:: PROBLEM REQUIREMENTS ::
Below is a listing from which only part is wanted; return exactly the lines from the one with "Light BLUE vector" up to and including the one with "Rolf Benz 322".

====== DATA EXTRACT

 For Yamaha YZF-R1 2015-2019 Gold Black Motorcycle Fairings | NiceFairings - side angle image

============
====== DATA EXTRACT

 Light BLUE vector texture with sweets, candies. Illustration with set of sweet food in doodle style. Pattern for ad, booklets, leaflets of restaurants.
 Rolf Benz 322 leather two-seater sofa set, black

============
====== DATA EXTRACT

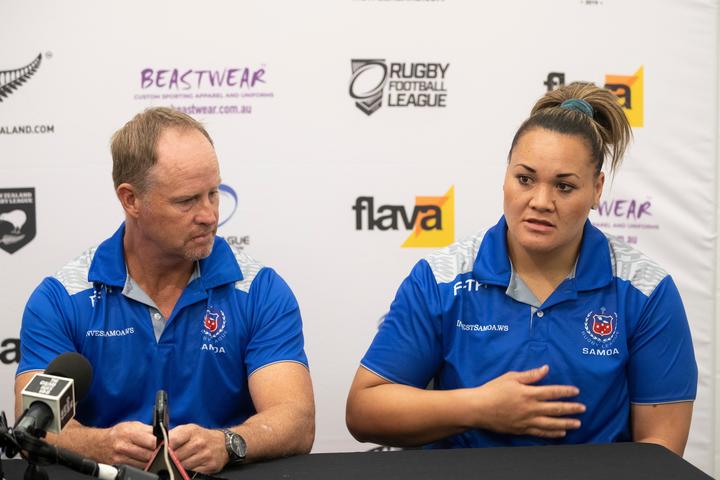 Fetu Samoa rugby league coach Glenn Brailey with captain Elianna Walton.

============

:: RESULT OF THE TASK ::
 Light BLUE vector texture with sweets, candies. Illustration with set of sweet food in doodle style. Pattern for ad, booklets, leaflets of restaurants.
 Rolf Benz 322 leather two-seater sofa set, black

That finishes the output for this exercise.